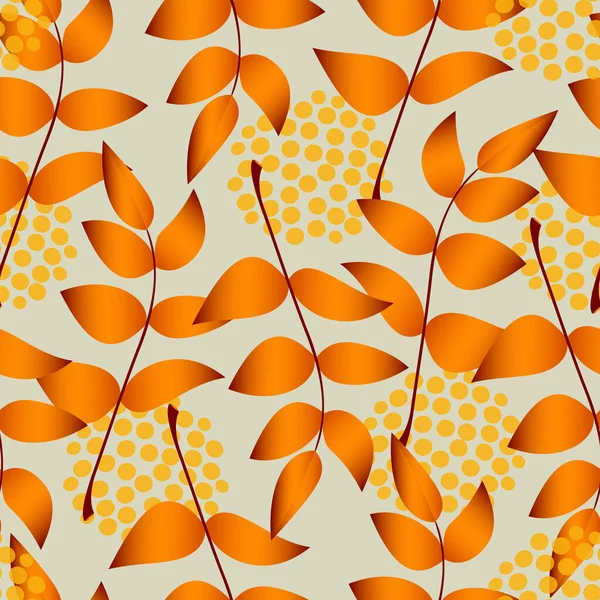 Feuilles Oranges Tropicales Sur Une Branche Modèle Sans Couture Avec — Image vectorielle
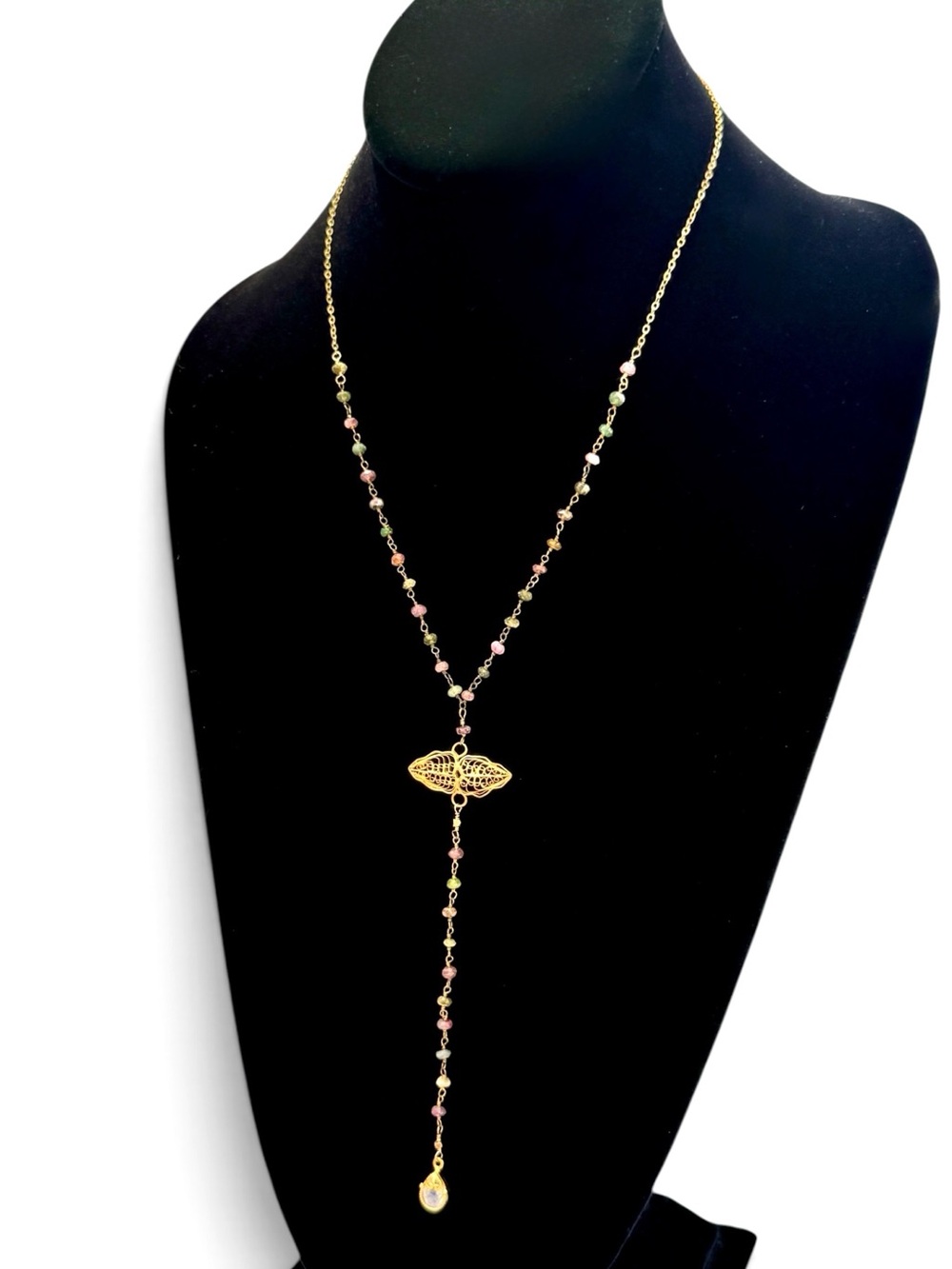 Wendy Mink Watermelon Tourmaline Rosary Y Necklace NWT - Picture 2 of 8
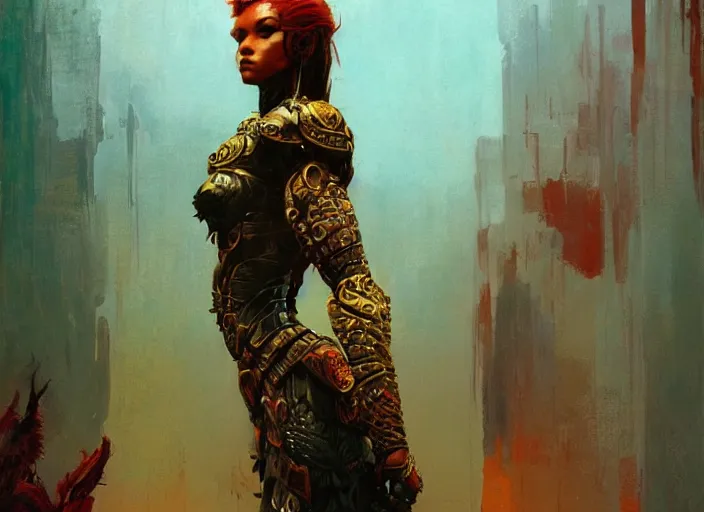 Image similar to amazon queen, intricate, elegant, highly detailed, vivid colors, john park, frazetta, sparth, ruan jia, jeffrey catherine jones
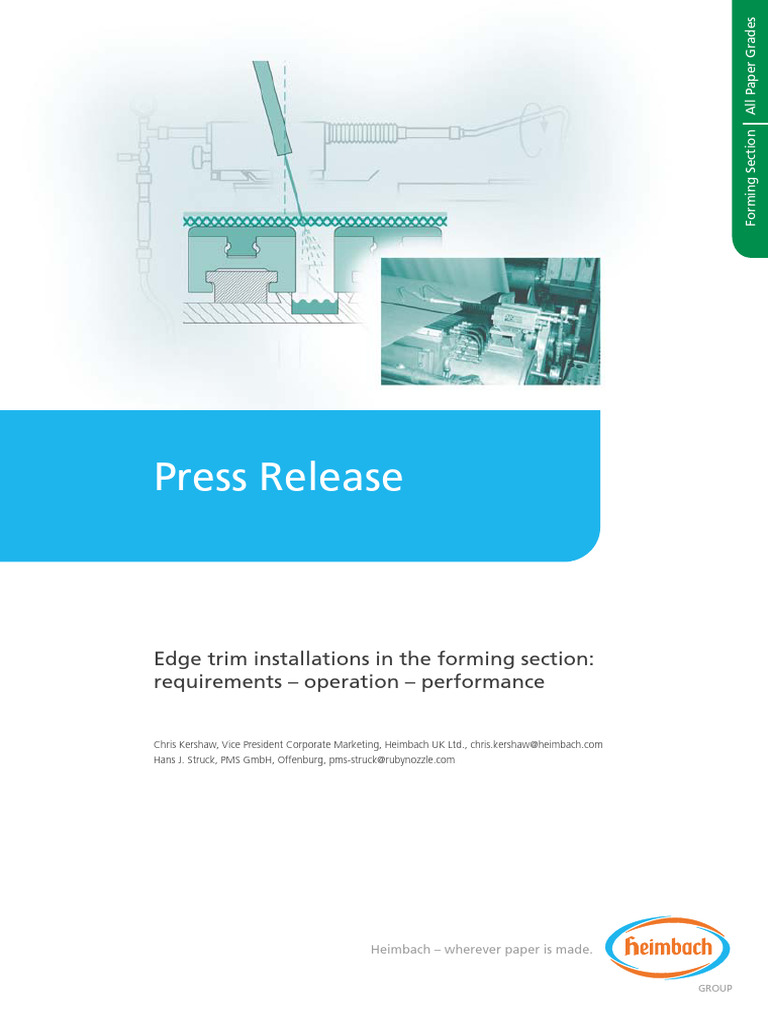 Edge Trim Installations in Papermaking | PDF | Nozzle | Water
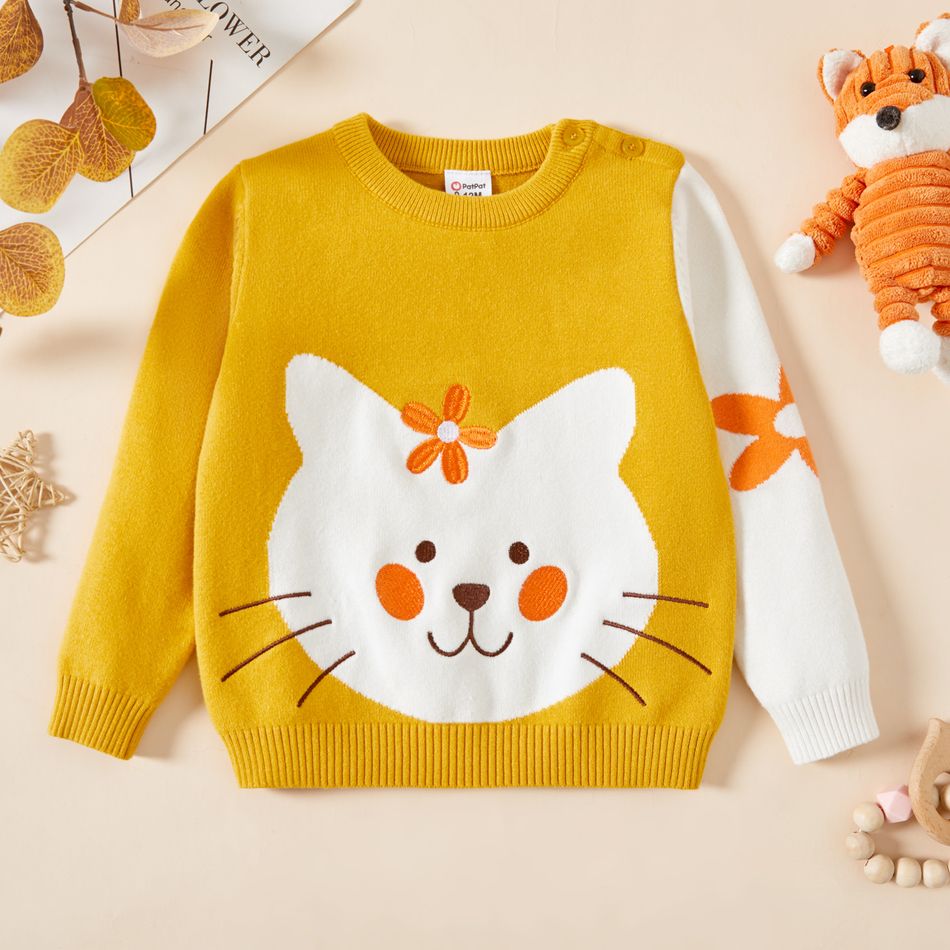 Baby Girl Cartoon Kitty Cat Long-sleeve Knitted Sweater Pullover Yellow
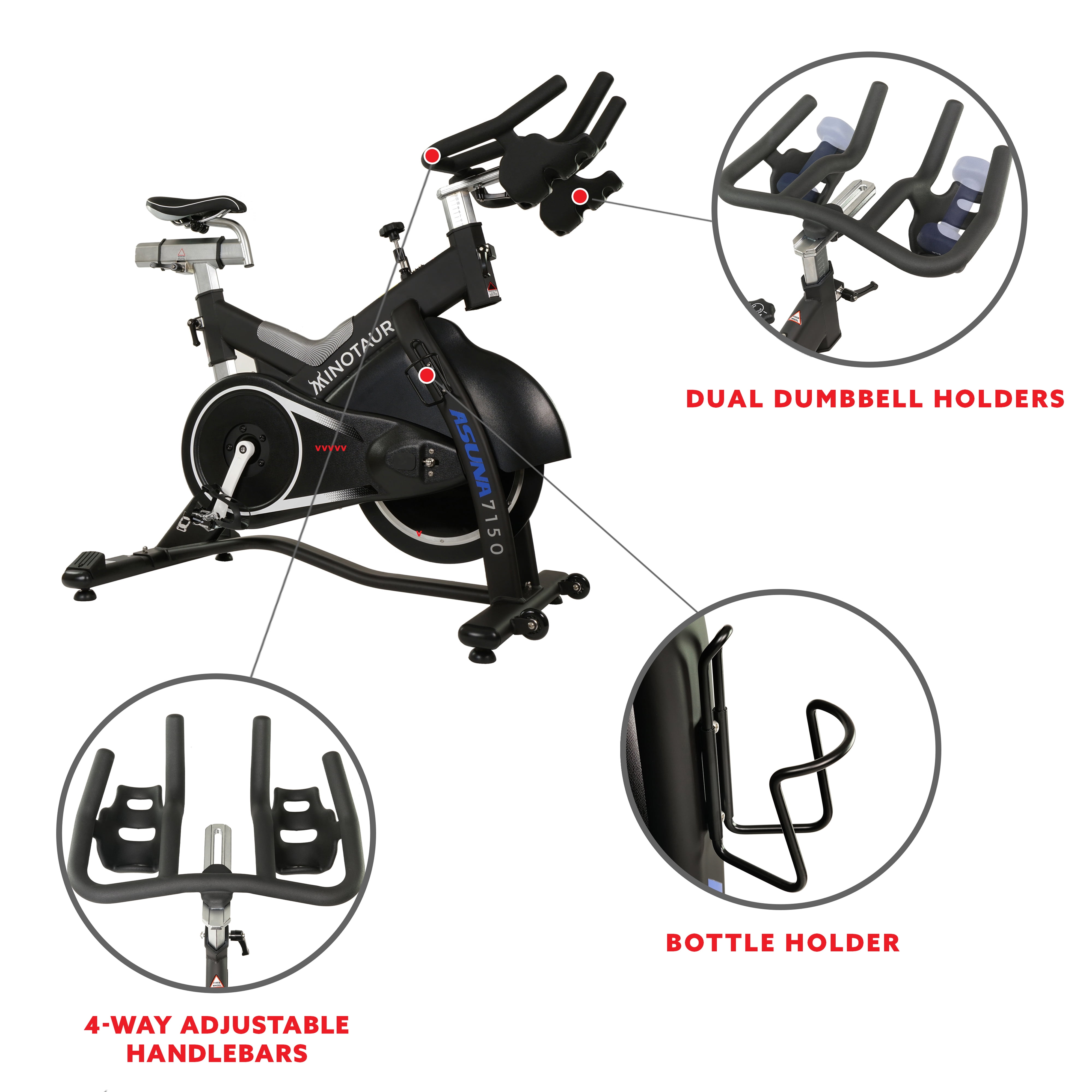 ASUNA Minotaur Cycle Exercise Bike - Magnetic Belt Drive High Weight Capacity Commercial Indoor Cycling Bike
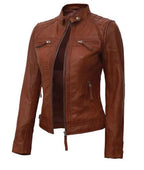 Women's Tan Brown Lambskin Original Premium Leather Biker Jacket – leather jacket, back view – Kamercio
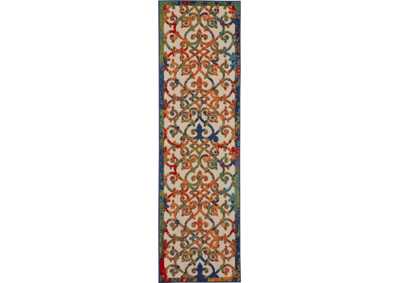 Image for Nourison Aloha ALH21 10' Runner Multicolor Easy-care Indoor-outdoor Rug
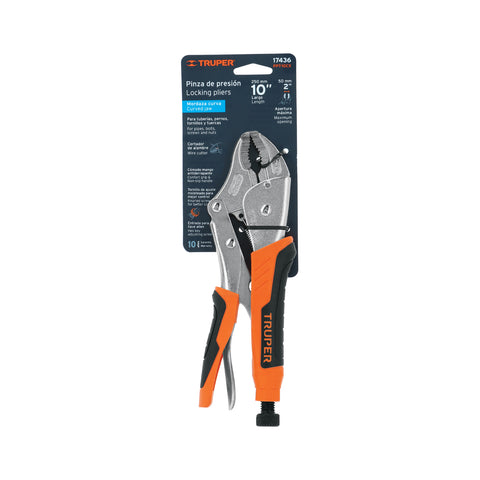 Pinza de presión 10' mordaza curva mango de vinil, Truper | PPT-10CX | 17436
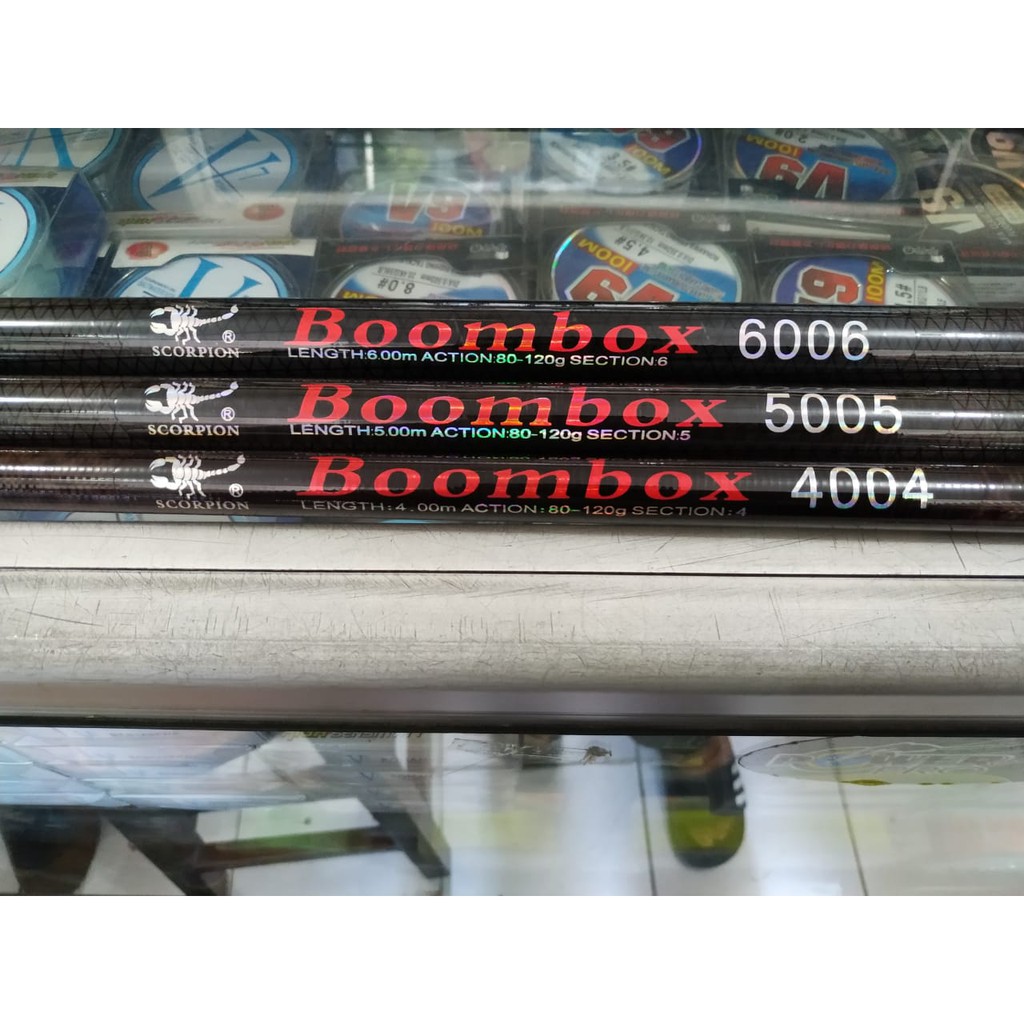 Joran Tegek Scorpion Boombox panjang 7,6,5,4 meter full carbon kaku dan ringan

EXERCISE OBJECTIVE:
Return verbatim every line from the line containing "Pinza de presión" to the last line of the entries above, inclusive, and leave out the pictures.

COMPLETED EXERCISE:
 Pinza de presión 10' mordaza curva mango de vinil, Truper | PPT-10CX | 17436
 Joran Tegek Scorpion Boombox panjang 7,6,5,4 meter full carbon kaku dan ringan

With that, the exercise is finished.